Por fim, a Associação de Futebolistas Profissionais (PFA) da Escócia manifestou seu apoio a Glen Kamara:  “Condenamos nos termos mais veementes os abusos a que Glen Kamara foi sujeito durante o jogo do Rangers contra o Sparta Praga. Como todos sabemos, esta não é a primeira vez que Glen sofre abusos repugnantes em campo, mas o fato de que desta vez saiu da boca de crianças por meio de vaias constantes é, além de alarmante, um reforço ao apelo por maiores sanções da Uefa para este tipo de comportamento. Não há lugar para isso no futebol ou no mundo moderno”.

“Os eventos de ontem à noite em Praga, juntamente com incidentes semelhantes em outros jogos da Liga Europa, provam sem sombra de dúvidas que o racismo e a discriminação são um problema global aos mais altos níveis, tanto ao futebol quanto aos governos em todo o mundo. É urgentemente necessário erradicá-lo. Não estamos cegos para os problemas em nosso próprio país, incluindo racismo, discriminação e sectarismo. Nas últimas semanas, vimos jogadores de todos os níveis do jogo serem submetidos a abusos racistas em nossas arquibancadas – isso tem que parar”, finaliza a nota.

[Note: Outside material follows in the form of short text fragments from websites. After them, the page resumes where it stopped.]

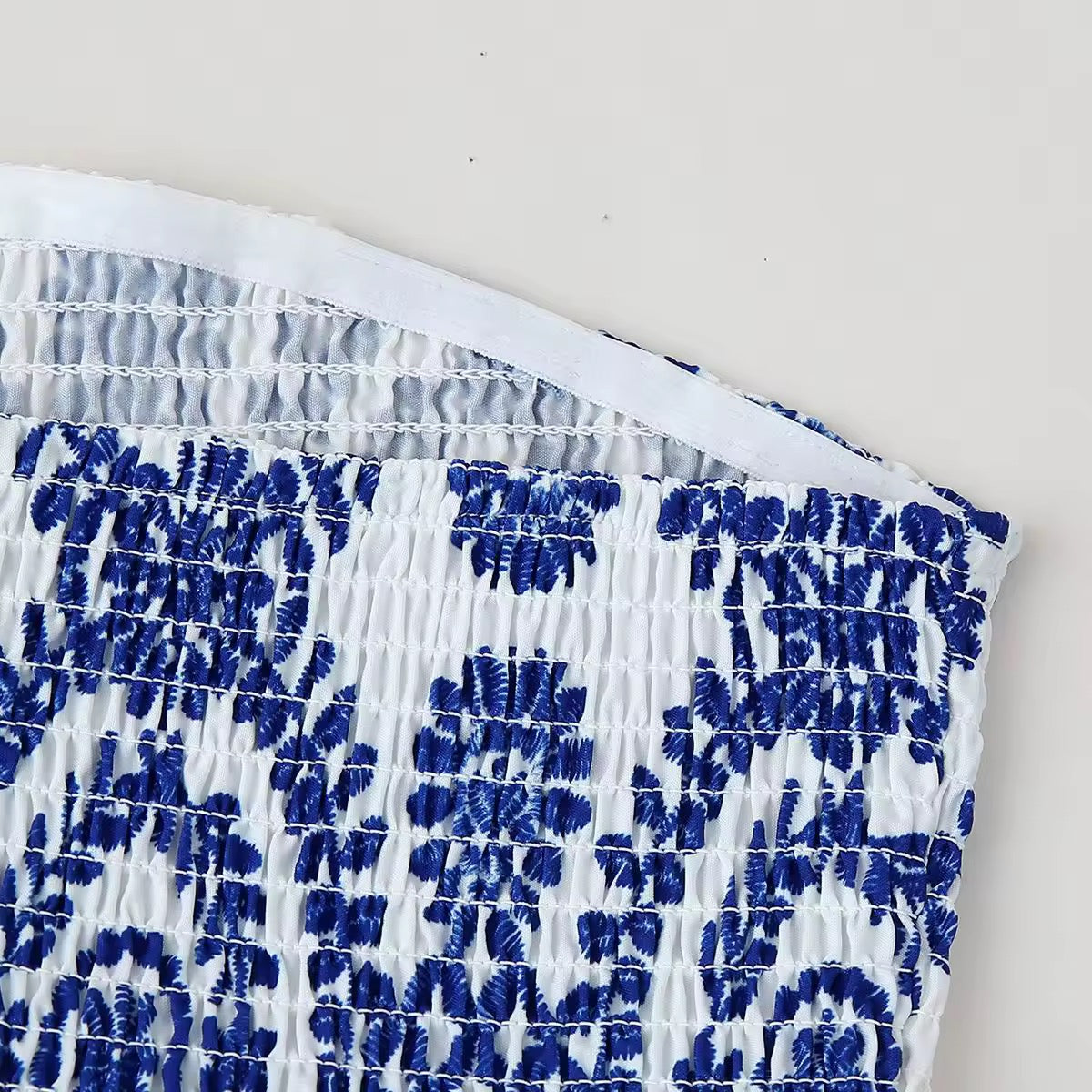 TOP BUSTIER À SMOCKS ET VOLANTS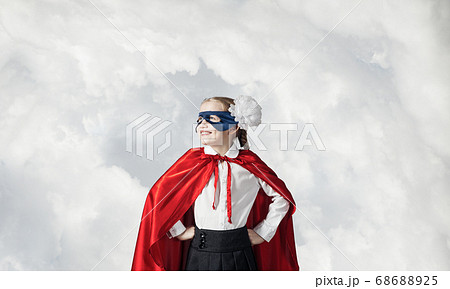 Girl power concept with cute kid guardian against sky background 68688925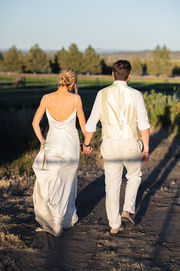 Bride and groom walking away in the sunset.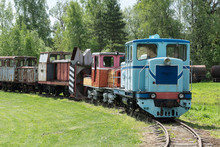 Old Train And Locomotive. Railroad Tracks Stretches And Green Grass And Trees. Railway Road Environment Background.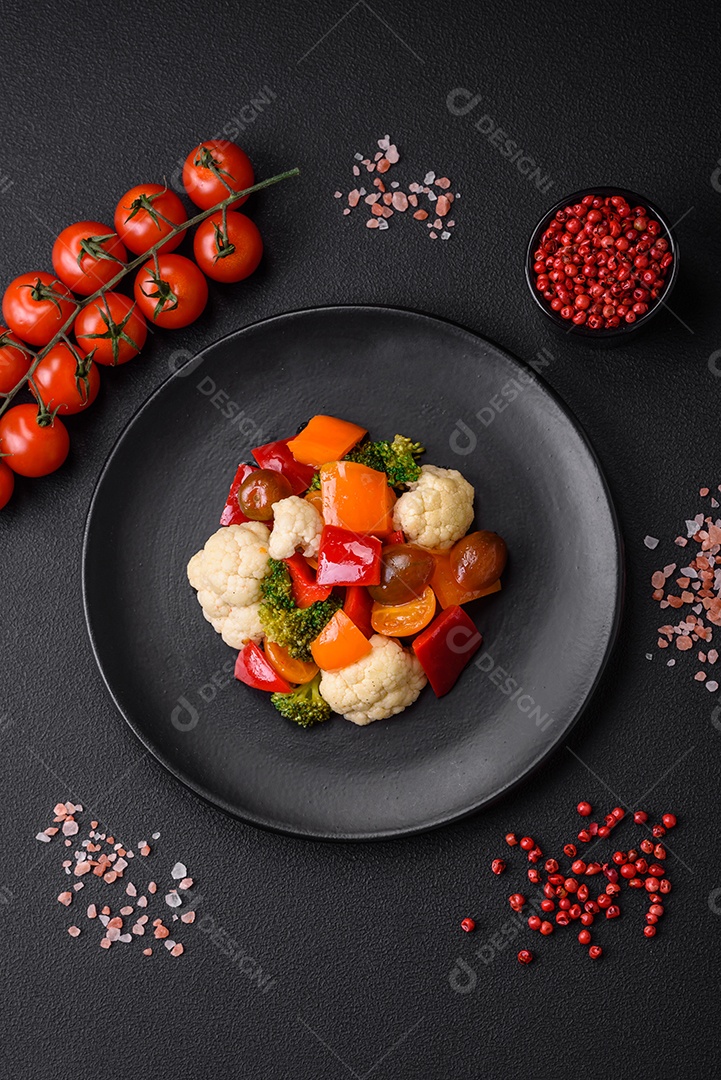 Delicioso prato composto por pedaços de frango cozido, brócolis e cenoura com especiarias e ervas sobre um fundo escuro de concreto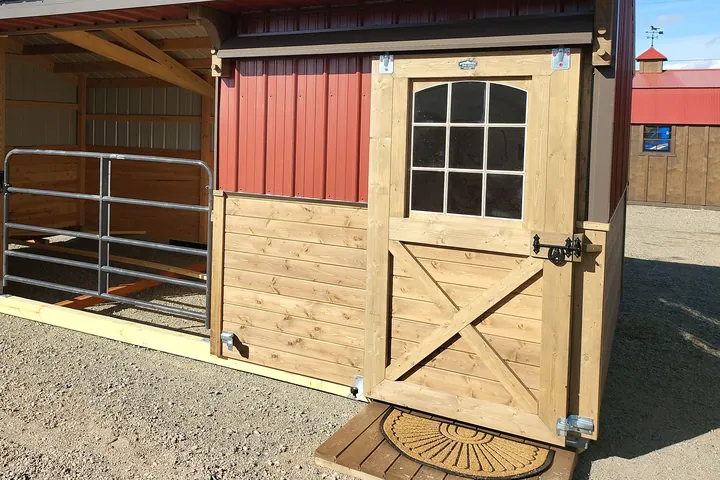 Close view of a windowed door with a cross-braced lower panel and black latch hardware, on a red metal stable
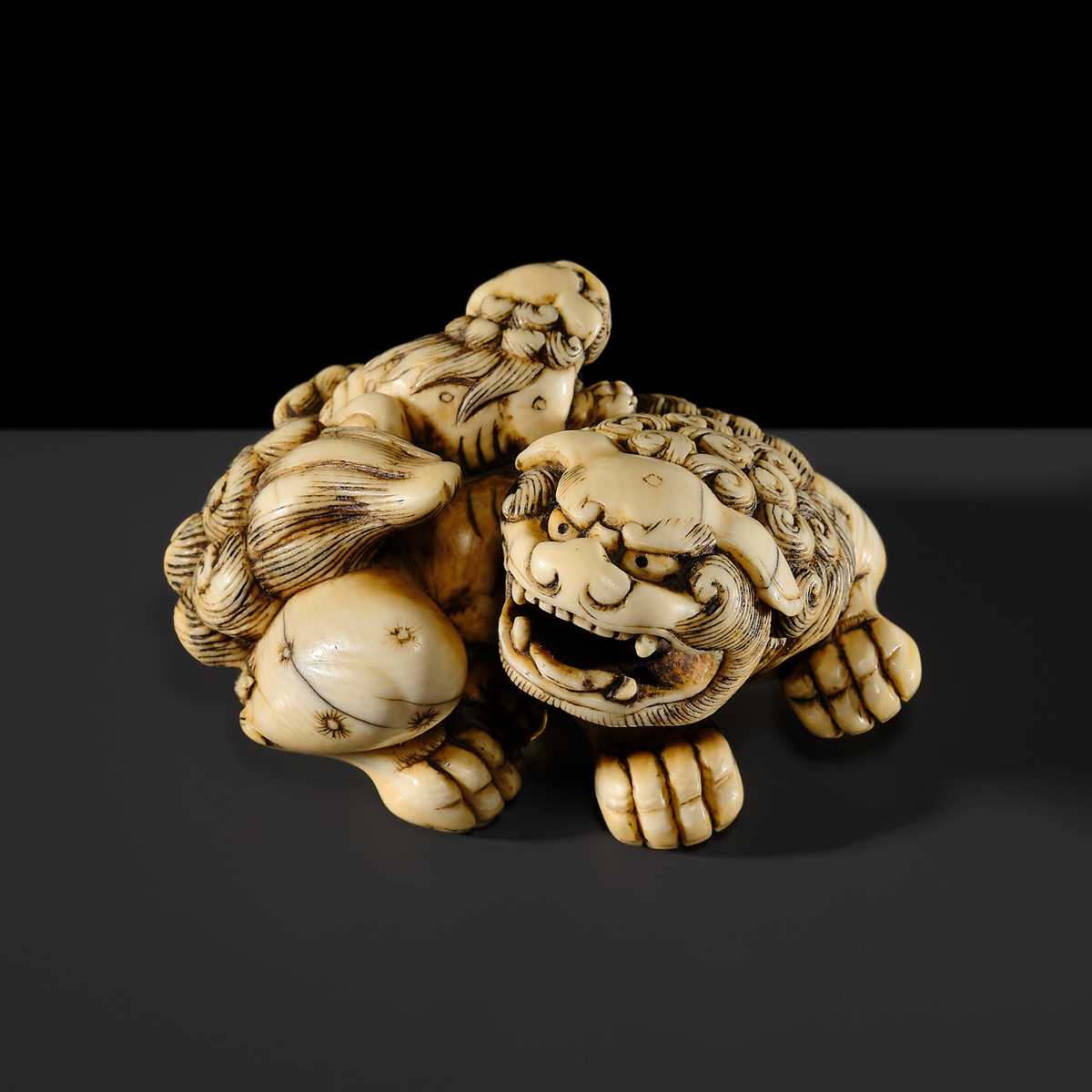 Lot 104 - A LARGE IVORY NETSUKE OF A SHISHI AND ITS YOUNG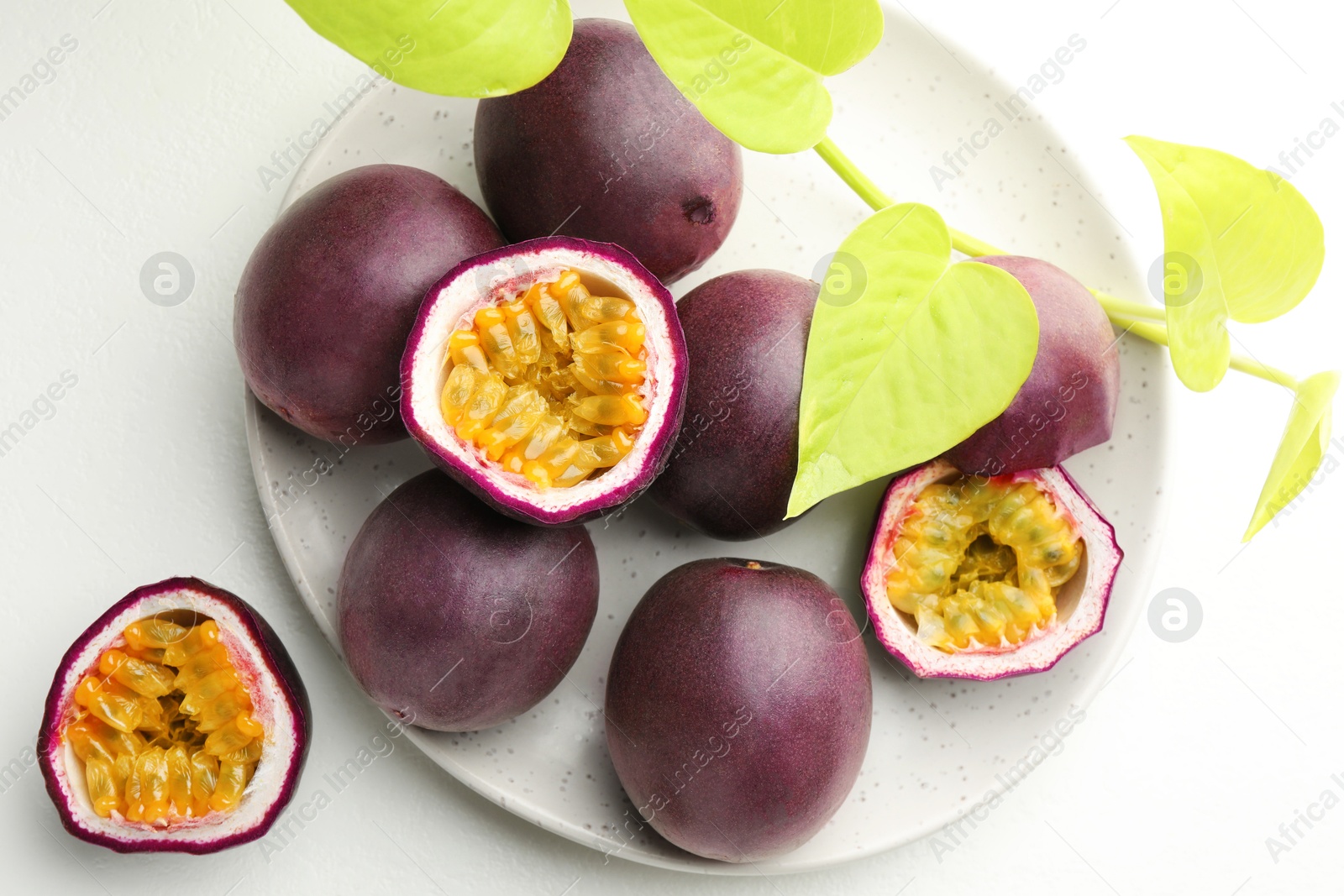 Fresh passion fruits with green leaves on white table, flat lay Photo of Fresh passion fruits with green leaves on white table, flat lay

Outro episódio de cunho racista aconteceu na Polônia, antes do duelo entre Legia Varsóvia e Leicester City. Diante da postura de muitos clubes (sobretudo os britânicos) se ajoelharem antes dos jogos em mensagem antirracista, a torcida polonesa preparou um bandeirão provocativo. A bandeira trazia a imagem de um rei, personificando o Legia, com a legenda “ajoelhem-se diante de sua majestade”. Os jogadores do Leicester foram vaiados quando se ajoelharam, embora Filip Mladenovic e André Martins, da equipe da casa, também tenham repetido o gesto em solidariedade. A maior parte das seleções e dos clubes do Leste Europeu opta por não se ajoelhar, como o próprio Legia, sob a justificativa de que a pauta do movimento antirracista “não faz parte da realidade local”.